Your goal:
Once "Red Bull Grapefruit" turns up in a line below, reproduce that line and those after it exactly, stopping after the line with "Taie oreiller 100%"; leave pictures out.

Dataset content:
┌────────

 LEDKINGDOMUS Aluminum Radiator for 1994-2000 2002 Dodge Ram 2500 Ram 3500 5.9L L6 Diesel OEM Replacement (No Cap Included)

└────────
┌────────

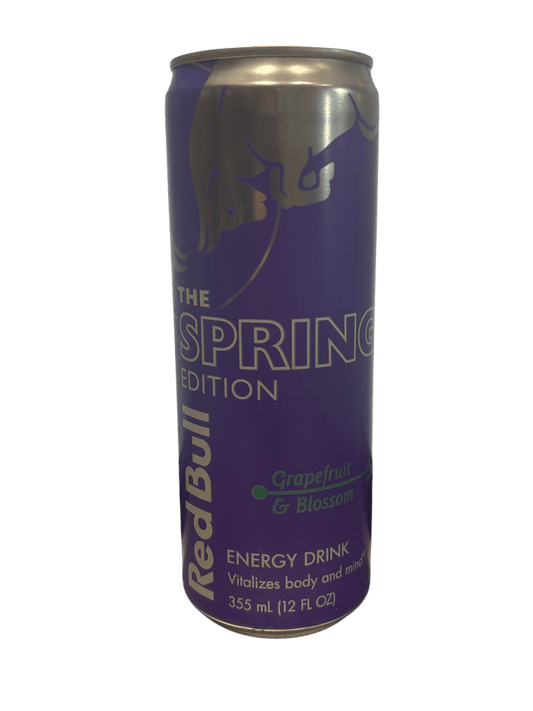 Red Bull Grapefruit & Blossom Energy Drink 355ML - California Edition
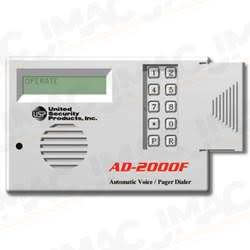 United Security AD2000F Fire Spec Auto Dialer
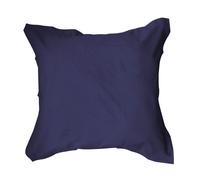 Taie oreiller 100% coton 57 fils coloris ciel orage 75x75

└────────
┌────────

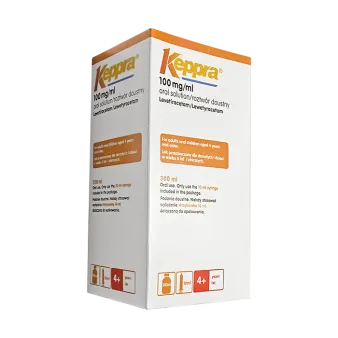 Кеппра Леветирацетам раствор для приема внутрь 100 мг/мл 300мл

└────────

Task response:
 Red Bull Grapefruit & Blossom Energy Drink 355ML - California Edition
 United Security AD2000F Fire Spec Auto Dialer
 Taie oreiller 100% coton 57 fils coloris ciel orage 75x75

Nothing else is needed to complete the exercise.